_What is required_
Below are entries with pictures among them; reproduce exactly, and only, the lines from the one containing "Centralita Faros Dacia Sandero II - E330796" down to the one containing "Học sinh lớp", without the pictures.

_Exercise input_
^^^^
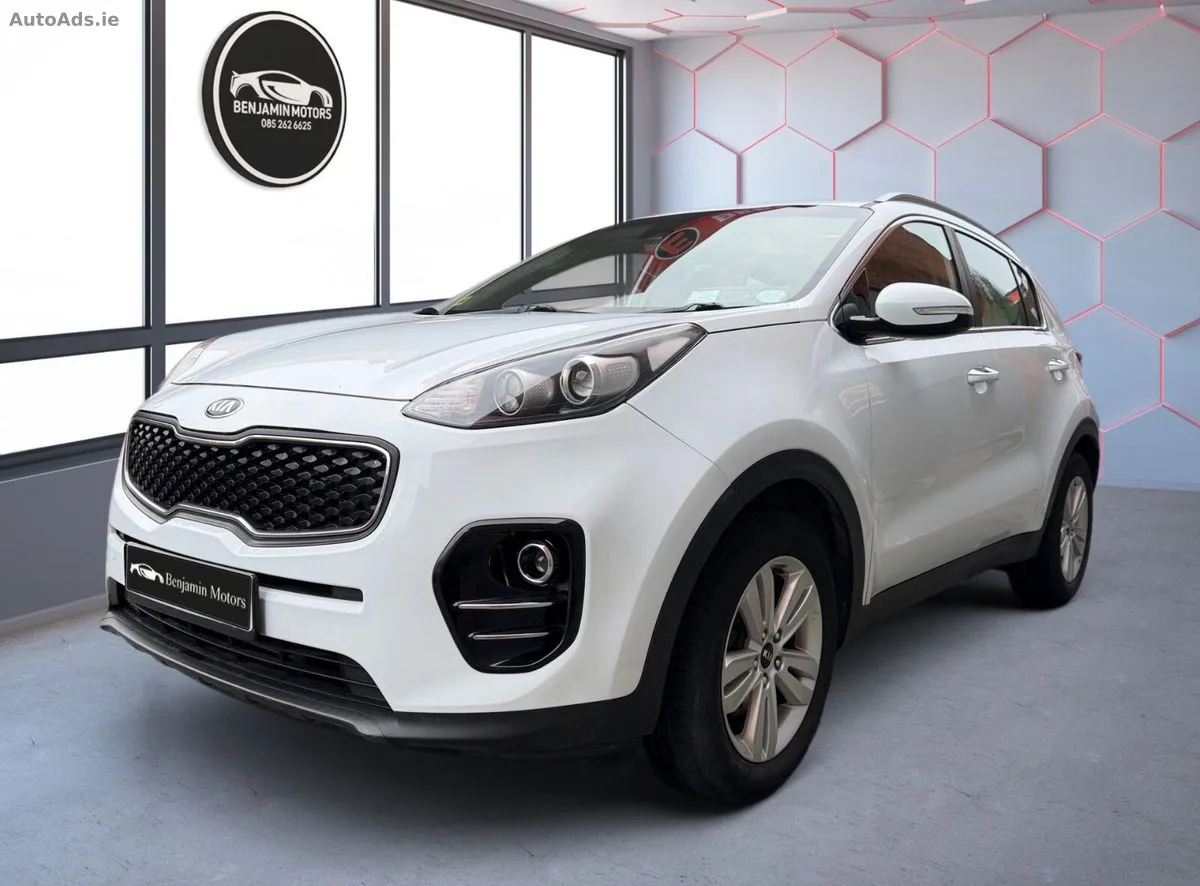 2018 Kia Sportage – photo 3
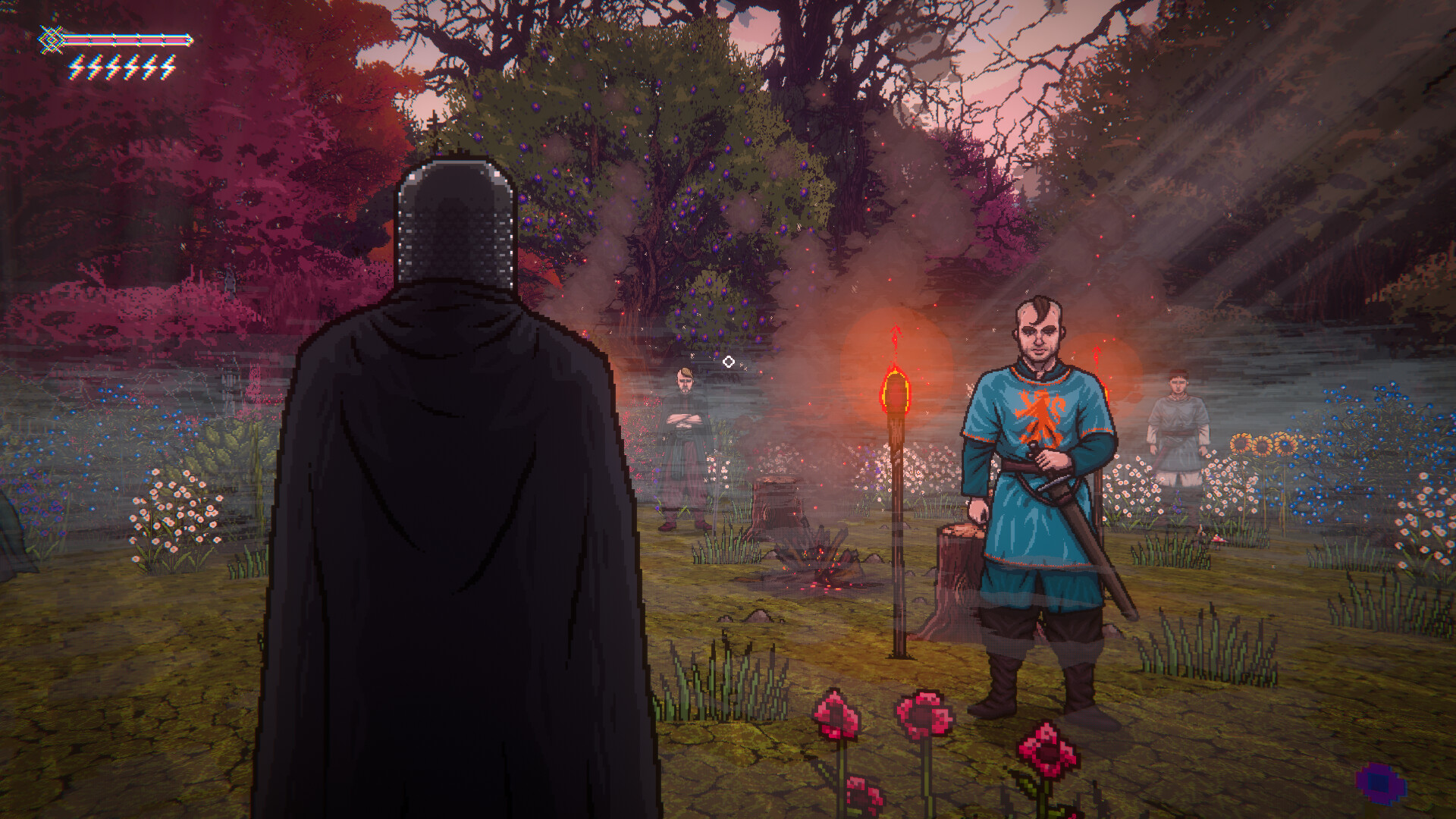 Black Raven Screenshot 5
^^^^
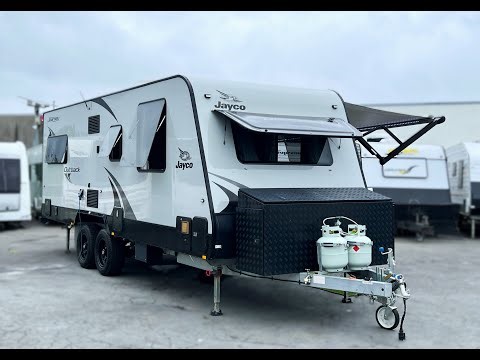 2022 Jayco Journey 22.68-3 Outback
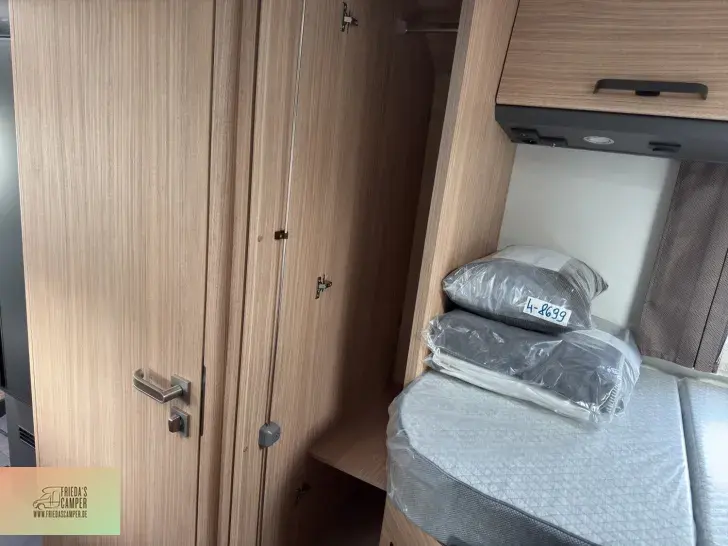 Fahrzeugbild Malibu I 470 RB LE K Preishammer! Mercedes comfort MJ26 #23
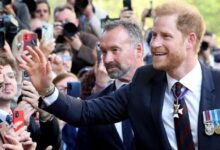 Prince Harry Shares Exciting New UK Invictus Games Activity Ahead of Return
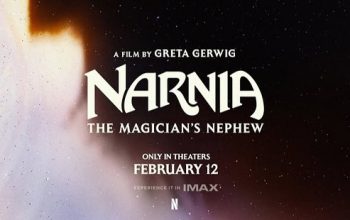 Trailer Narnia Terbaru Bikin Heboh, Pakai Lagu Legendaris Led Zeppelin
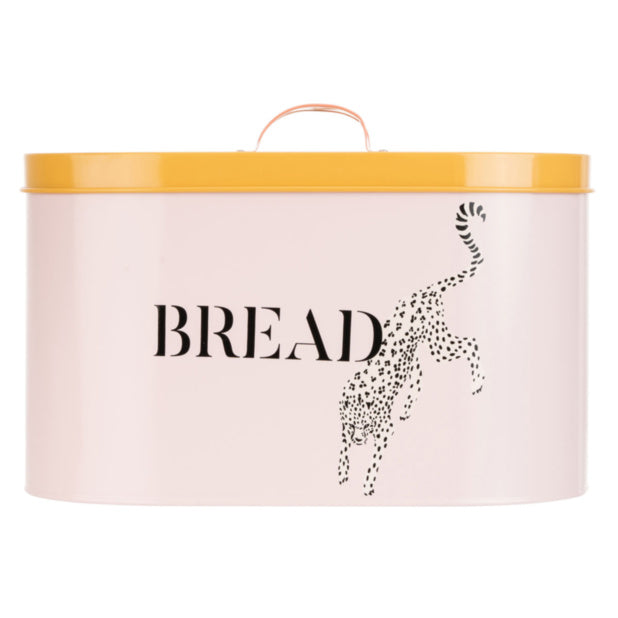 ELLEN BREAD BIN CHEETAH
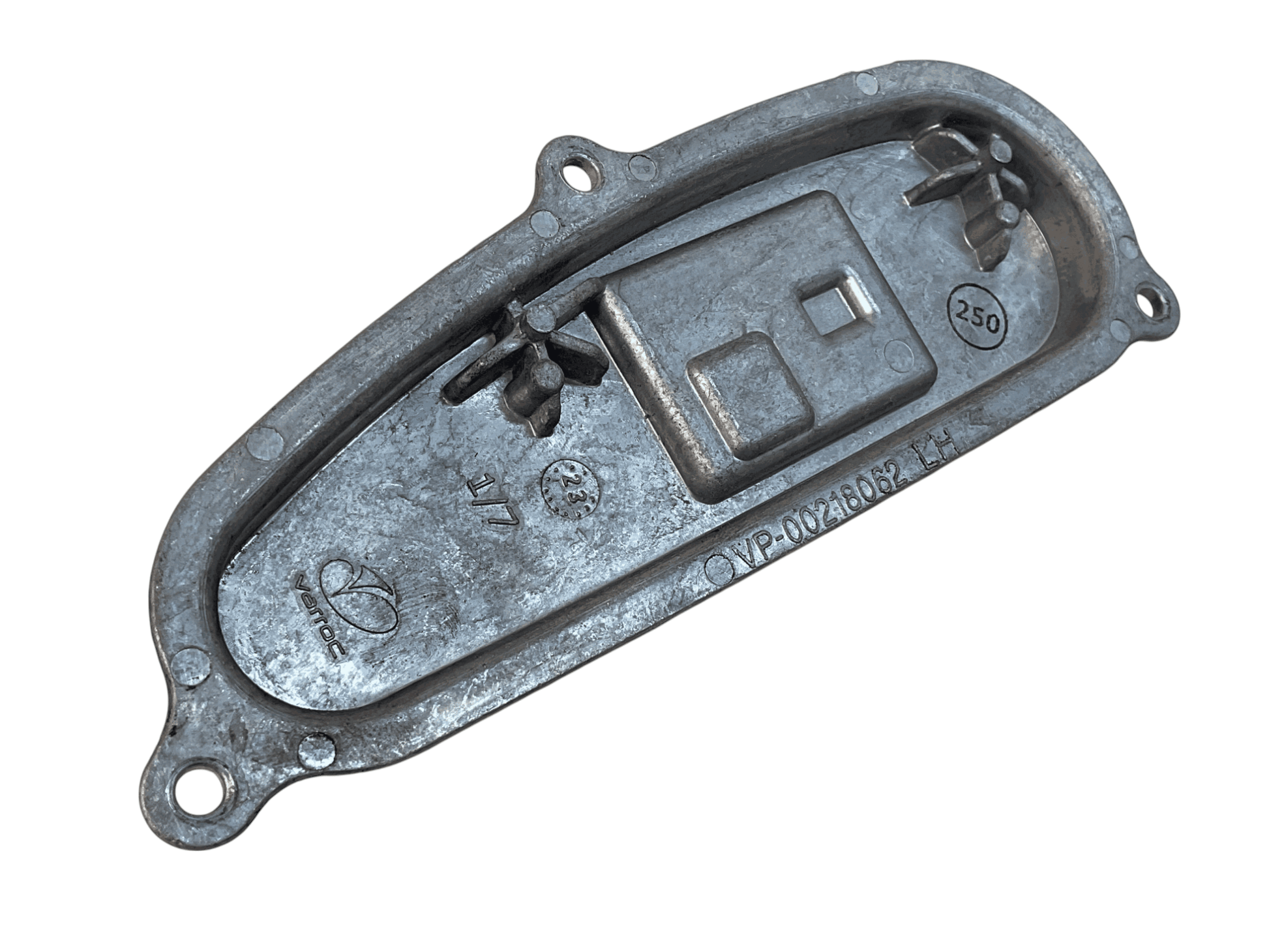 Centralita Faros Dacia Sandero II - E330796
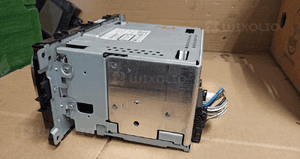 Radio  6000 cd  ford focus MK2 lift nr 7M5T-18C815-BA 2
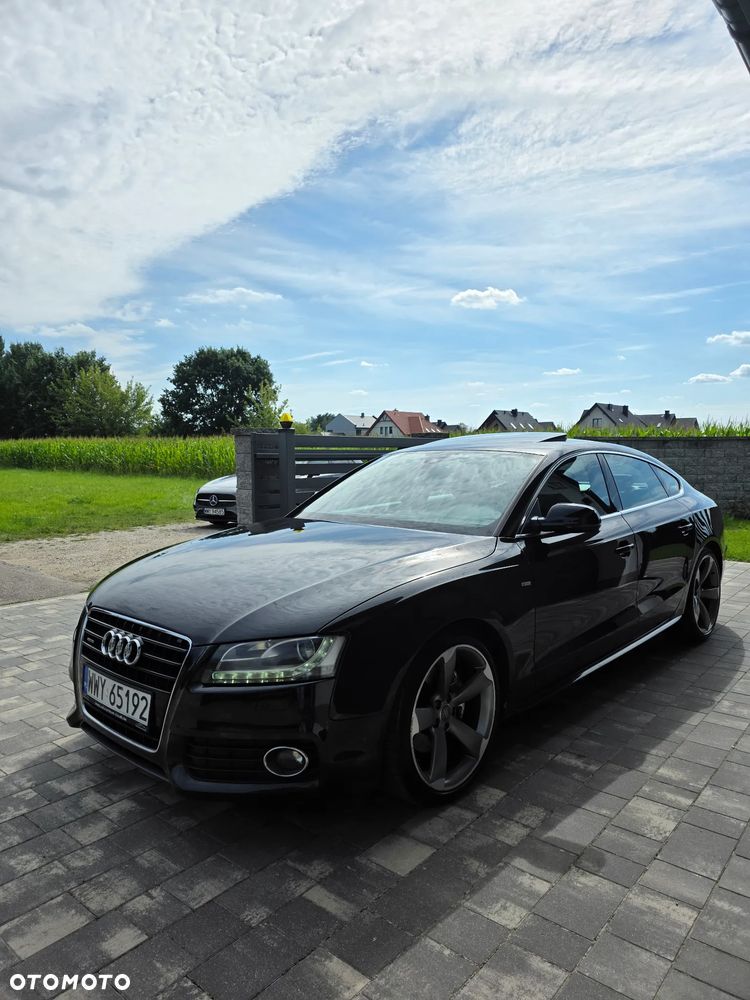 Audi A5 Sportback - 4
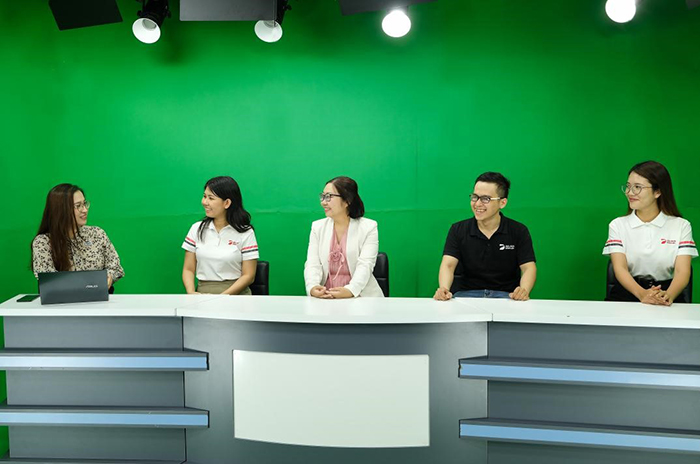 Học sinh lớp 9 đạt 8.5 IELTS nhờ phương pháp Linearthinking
^^^^
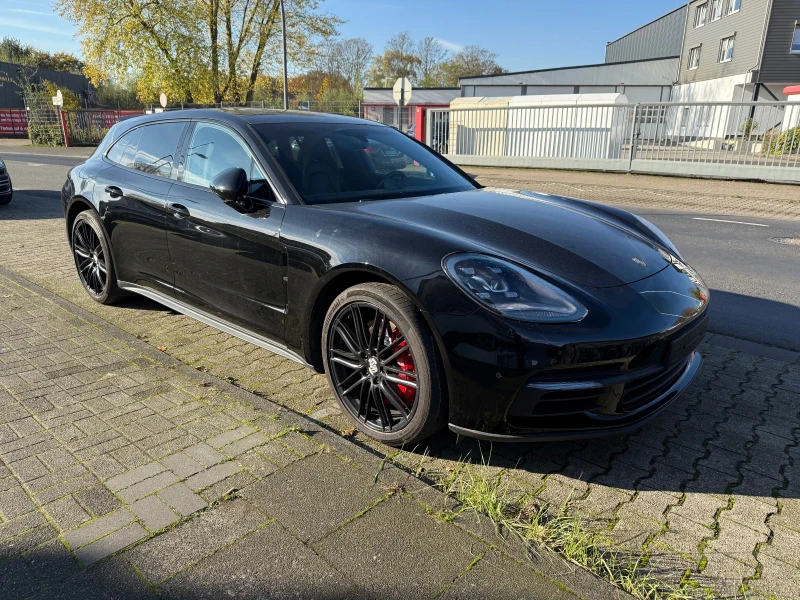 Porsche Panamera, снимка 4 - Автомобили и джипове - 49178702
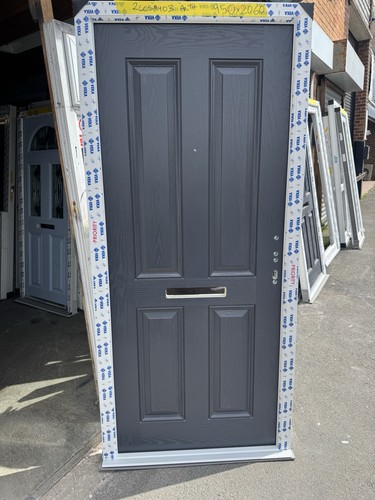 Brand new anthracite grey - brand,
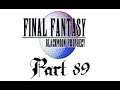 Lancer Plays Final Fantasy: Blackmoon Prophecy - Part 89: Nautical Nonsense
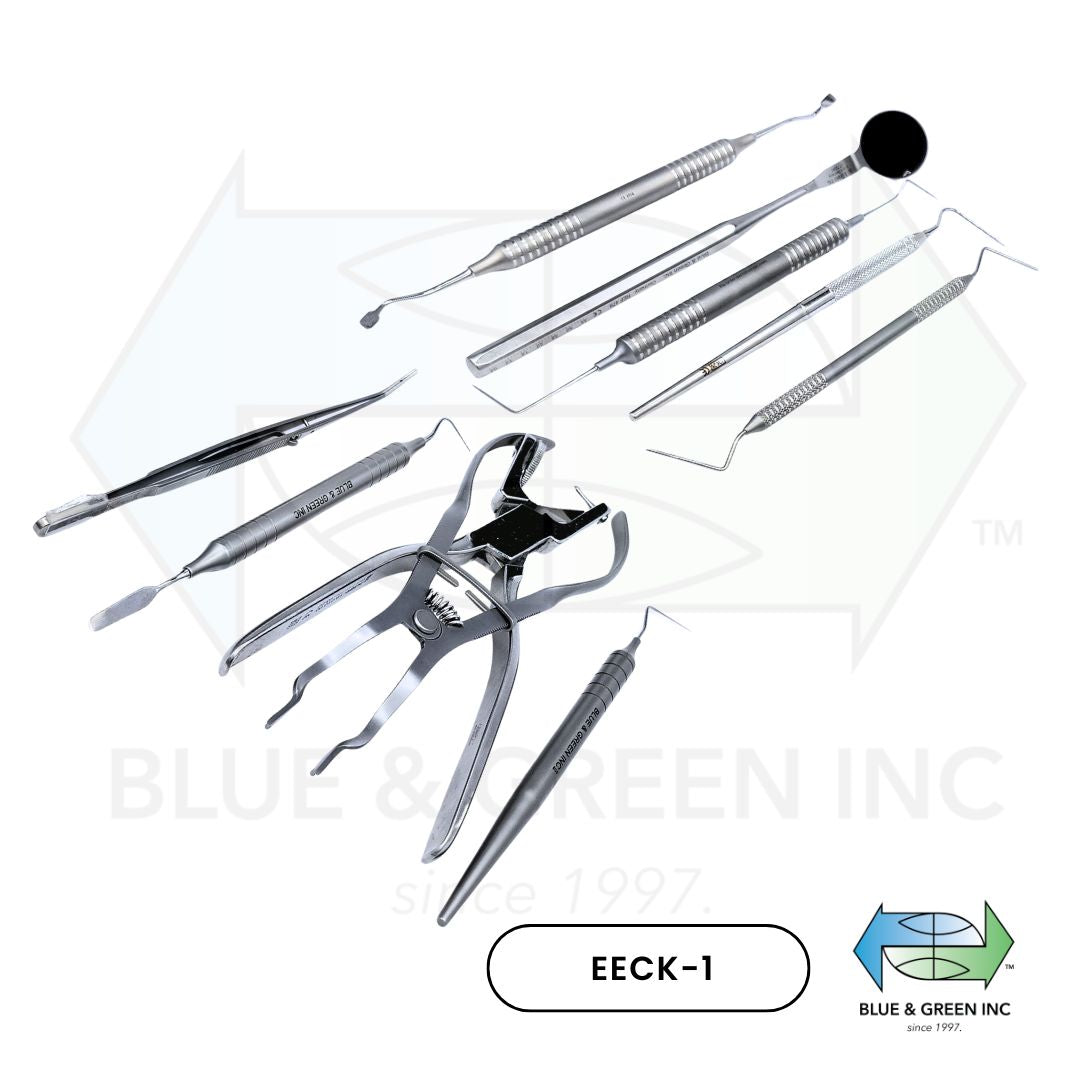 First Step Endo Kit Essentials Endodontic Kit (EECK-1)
^^^^
_Exercise response_
 Centralita Faros Dacia Sandero II - E330796
 Radio  6000 cd  ford focus MK2 lift nr 7M5T-18C815-BA 2
 Audi A5 Sportback - 4
 Học sinh lớp 9 đạt 8.5 IELTS nhờ phương pháp Linearthinking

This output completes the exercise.